# Rolled Leather Collars and Braided Leads



## CloudClan (Jan 31, 2007)

For SM folks who are working in obedience or considering working in AKC obedience, AKC rules require a collar. 

I found a vendor at a show that I just love. She has beautiful rolled leather collars and braided leather leads. The rolled leather is protective of the Maltese coat and does not mat around the neck like many of the other fabric types. And I just love the braided leads. Compared to others her prices are pretty reasonable. 

Here is her website: 
On Lead


----------



## k9Cracker (Feb 22, 2006)

I have one of her braided leashes and I really like it. I don't have _her_ rolled leather collar, but one from somewhere else and I think it is just too heavy for training or showing. I do have him wear it sometimes just around the house or out in the park. Rugby wears a nylon slip collar for training, and usually for everything else too. 

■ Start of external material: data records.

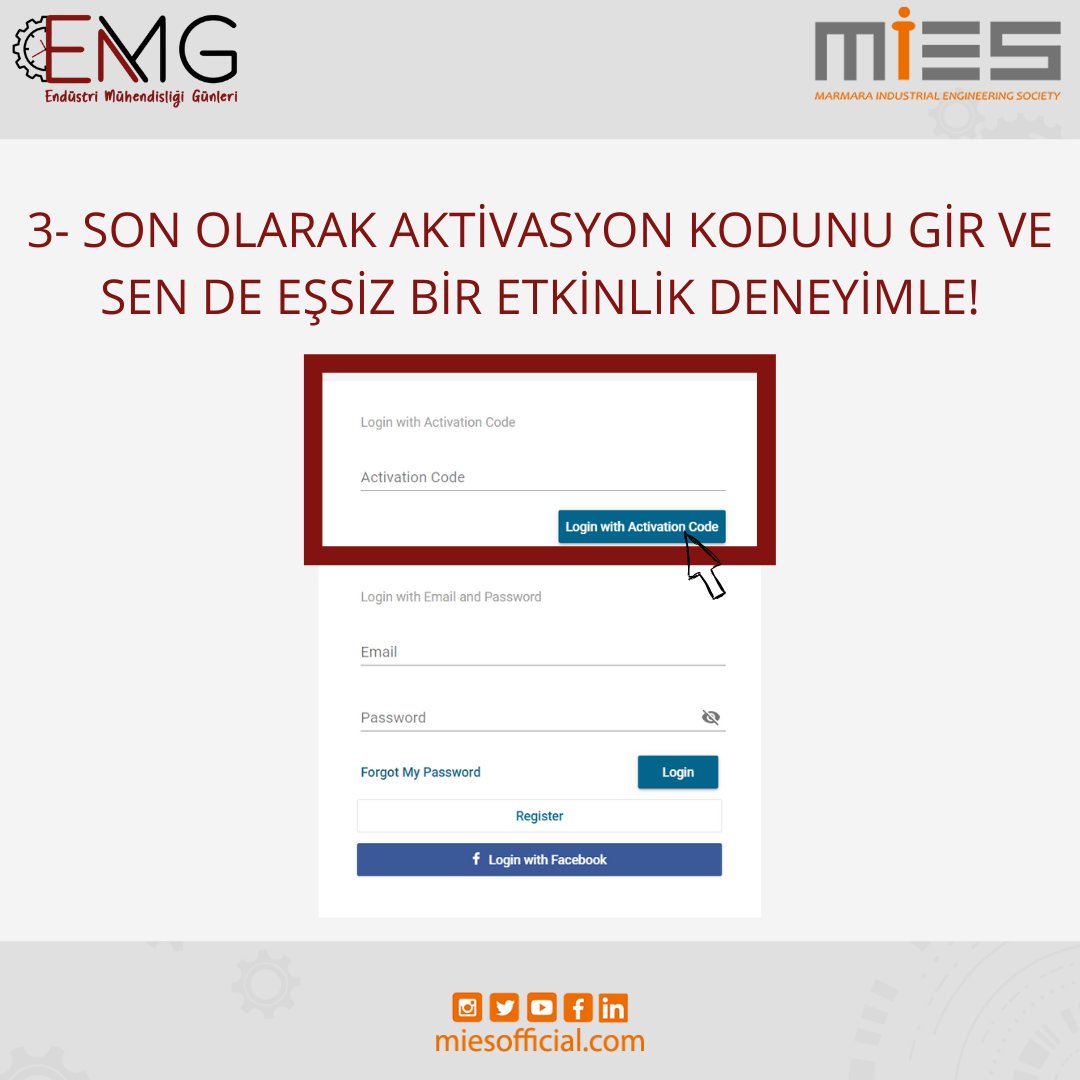 emgmies's tweet photo. EMG’21 e çok az kaldı!

3 Adımda Holacon Live Event üzerinden EMG’21 e nasıl katılabilirsin? Detaylar içeriğimizde.

Etkinlikte görüşmek üzere. 🥳

Son Kayıt Tarihi: 17 Kasım 🚨

Henüz kayıt olmadıysanız, kayıt linki bio’da!👆

📆 18-19 Kasım 2021
⏱ 12.00
📍 Holacon Live Event https://t.co/SBt2eTx6vG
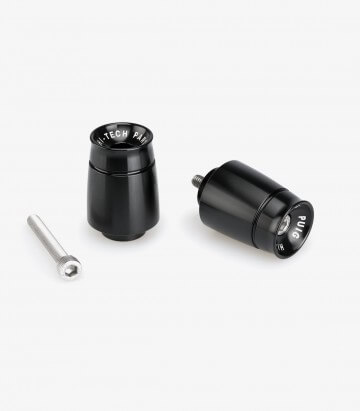Puig Lenkerendgewichte Sport 21010N in Schwarz für Yamaha FJR1300A/AE/AS, FZ1/8, FZS600 Fazer, MT-07/Y-AMT, MT-09/SP, YZF-R1/6/9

Luckily, I don't have to worry about Rugby's coat. I have seen these and was going to order some for Rugby. Not sure how the braided leather is for the coats compared to the rolled, but it is much lighter. 
Kangaroo Leashes and Collars


----------



## jmm (Nov 23, 2004)

I use a satin lined light quick clip collar for obedience. I find doing a regular buckle on a dog in coat is not much fun. Leslie bought Soda a wider totally satin collar which I also like, custom from Angelyn (my satin lined are also from her).


----------



## MaryH (Mar 7, 2006)

Wow, Carina, those are really good prices. I know I paid more than that several years ago for rolled leather collars and a lot more than what she is charging for leather leashes. I stopped using the collars but still use my 6' leather lead for obedience training and showing. The reason I stopped using the collars was that I found that the dye was bleeding out onto their coats. I had no trouble with the black collar but the green collar and red collar definitely bled. I still love rolled leather collars, bought a pink one and a brown one and had no problem with dye bleeding but I won't be buying red or green again.


----------



## LJSquishy (Feb 27, 2008)

They are very beautiful, I love the light aqua/blue color. The prices are certainly a bargain!


----------